June 14, 2013 in City

Fancy flight

Flyboard offers the intrepid a new way to experience summer at the lake
By The Spokesman-Review
Tyler Tjomsland photoBuy this photo

Shane Jenkins of AV Watersports stands on a flyboard as he gains altitude Thursday on Long Lake during a demonstration of the contraption, which uses water pressurized by a personal watercraft’s pump to lift the operator out of the water.
(Full-size photo)

Catch new wave

Think you’re ready to flyboard? You can contact Shane Jenkins to schedule a time at (509) 294-8781 or on the company’s Facebook page.

Shane Jenkins paddled to the middle of a bay on Long Lake at Nine Mile Falls. His broad shoulders rose from the surface, then his life-jacketed torso and finally the dual jets fastened to his feet, shooting water with the power of more than 150 horses and propelling Jenkins almost 30 feet in the air.

This is Jenkins’ second week with the flyboard, a relatively new entry into the world of water sports. Jenkins and his friend, Mike Grytdal, both rural Spokane County firefighters, are offering lessons in their free time after contracting with AV Watersports, based in Bellevue, to offer the attraction in Eastern Washington. For $90, a waiver signature and some brief safety training, thrill-seekers can experience 30 minutes of “flight time” themselves. The equipment has already caused awe on the lake waters among boaters and Jenkins’ neighbors, who are unaccustomed to swimmers rising from the waves like dolphins.

“It’s kind of weird to think about,” Jenkins said. A fire hose tethers helmeted flyboarders to a Sea Doo personal watercraft, which provides the thrust. Grytdal piloted the watercraft, revving the engine that fueled his friend’s flight.

Both men are crazy about the water, and the new toy gives them an excuse to speak with lake-goers and make some money on the side.

“The best part about it is meeting people,” Grytdal said. “Half of it is it’s just so social out there. Everybody’s curious.”

For Jenkins, who started working for Fire District 8 in 2006, flyboarding is just the latest activity he can share with his “outdoorsy family,” his wife, Crystal, said. Joining her on the dock to watch Jenkins soar was his son Keegan, 2, and his faithful boxer dog, Tough.

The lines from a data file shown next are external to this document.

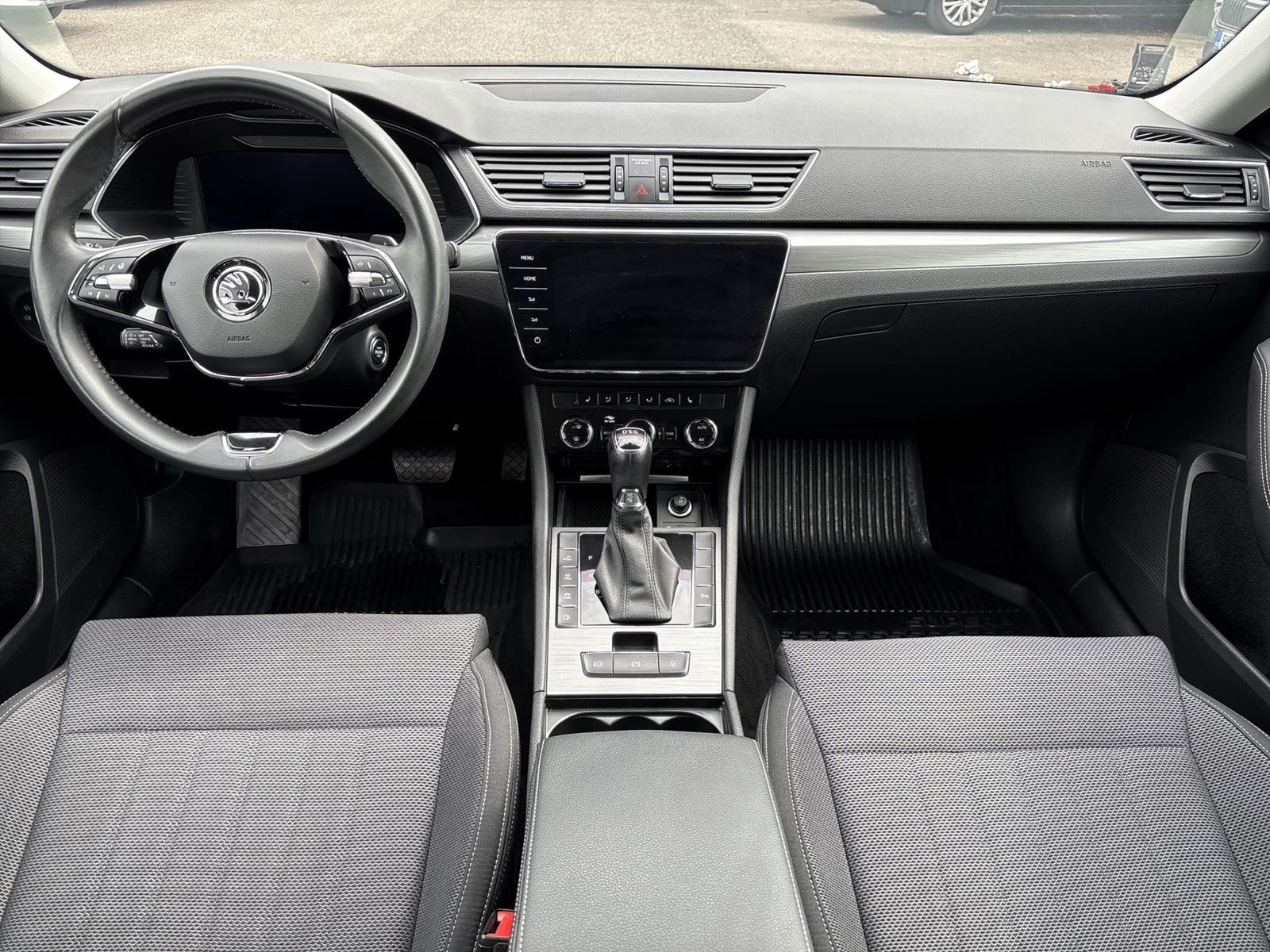 Škoda Superb, Combi 1.4 TSI iV DSG Style - fotka 5
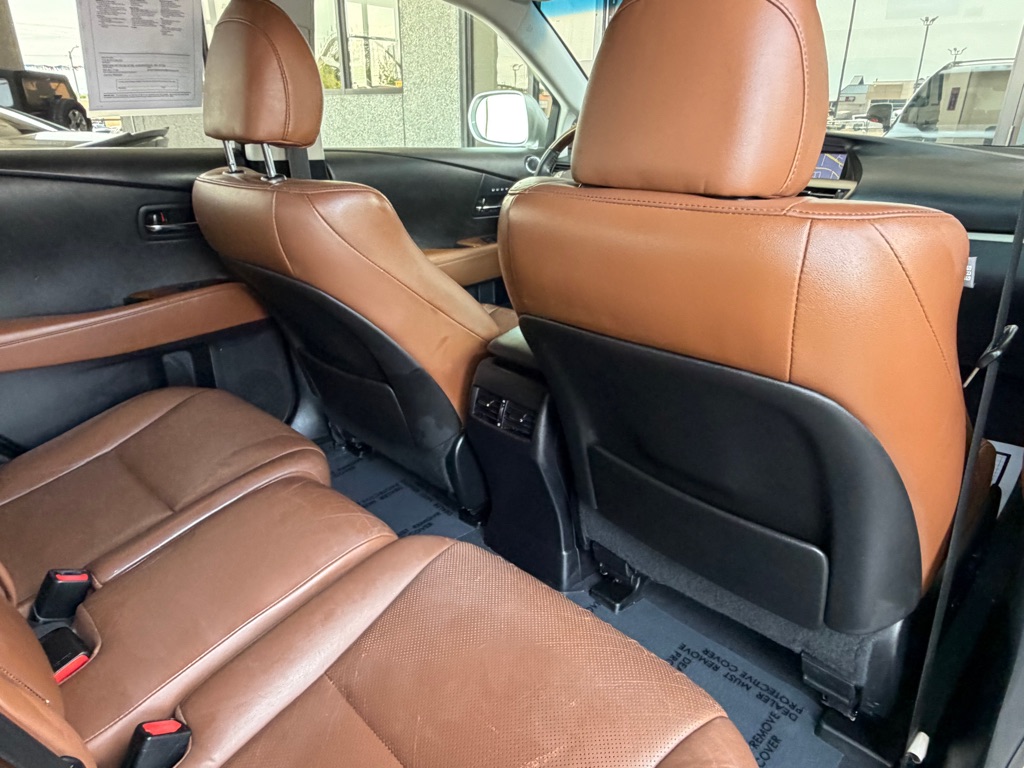 Photo 34 of this LEXUS RX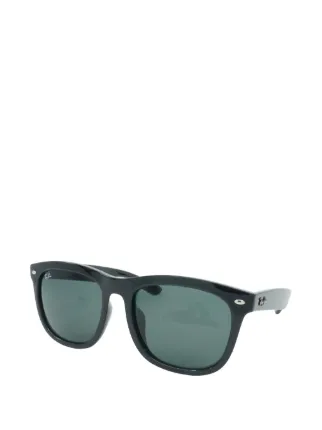 Ray-Ban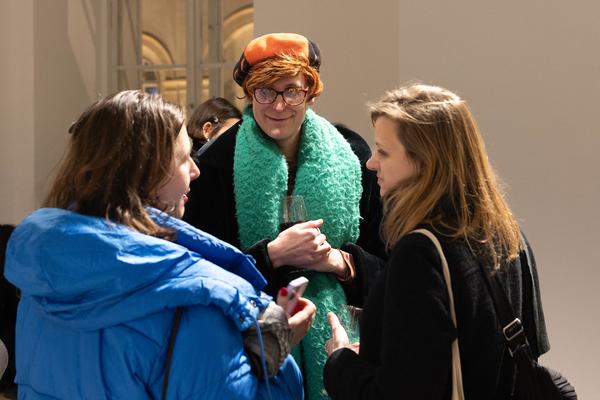 H13 2025: Stina Fors "Answer me, Pythia" (Kunstraum Niederösterreich, 21.11.2025) Foto: eSeL.at - Lorenz Seidler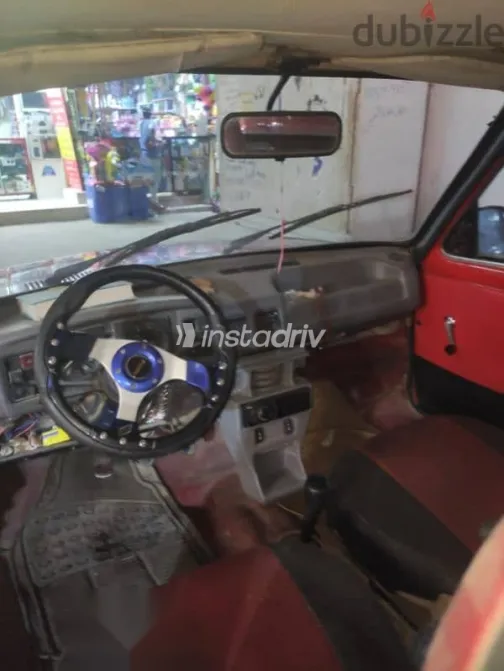 فيات 128 1977 أحمر مستعملة للبيع - 5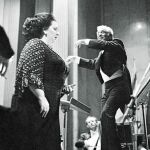 Montserrat Caballé, dirigida por Leonard Bernstein en un concierto benéfico celebrado en París en 1977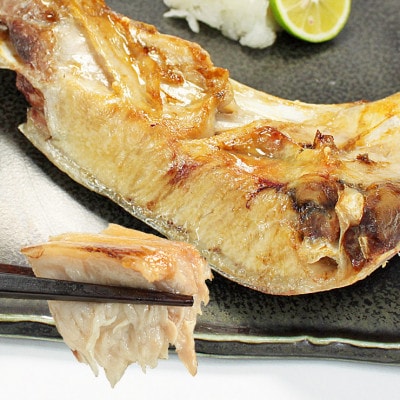 【2ヵ月毎定期便】南マグロ大トロカマ [約2kg(8～16ブロック)]全3回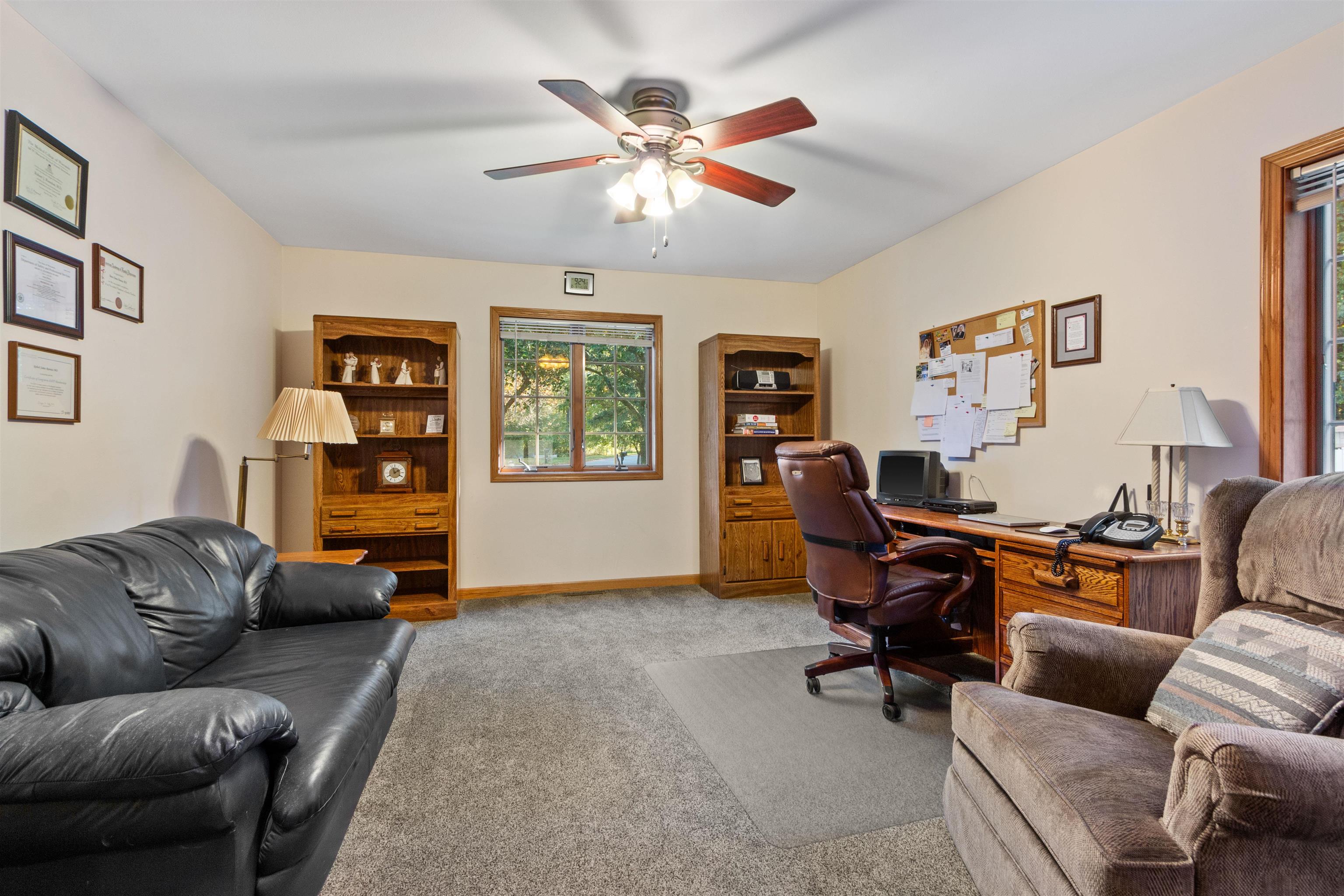 2211 BRIDLE PATH, Wisconsin Rapids, Wisconsin 54494, 5 Bedrooms Bedrooms, ,3 BathroomsBathrooms,Residential,For Sale,2211 BRIDLE PATH,22601344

With all three looking on, Jenkins pivoted his body downward, prepping for a dive. The jets shot him beneath the surface of the water. In the next few seconds, he emerged, then pointed downward for another dive. It’s a dolphin-like maneuver Jenkins quickly mastered, and his sights are now set on performing a back flip to match some of the more adventurous customers who have already tried the device.

“I’m hoping to try that soon,” Jenkins said, grinning. “I just have to get up the courage to do it.”

Flyboarding is the brainchild of French watercraft racer Franky Zapata, Jenkins said. Zapata dreamed it up in 2011.

The attraction is so new, analogies describing the experience remain in the realm of fiction. Jenkins likened the experience to the hoverboard flown by Marty McFly in the 1980s film “Back to the Future Part II.” Grytdal thinks riders look more like Spider-Man’s archnemesis, the Green Goblin, who flew a similar device over land in comic books. Websites say riders can soar over the water like Ironman.

The two enterprising outdoorsmen will accept all comers, regardless of experience. The two are CPR-certified through their work. Crystal Jenkins said she was worried at first because she’s not a strong wakeboarder, but she was able to rise out of the water on her first try.

“If I can do it, anybody can do it,” she said.

You might catch both men just taking the equipment for a spin themselves.

“This is what we do anyways,” Jenkins said. “We spend all summer on the water.”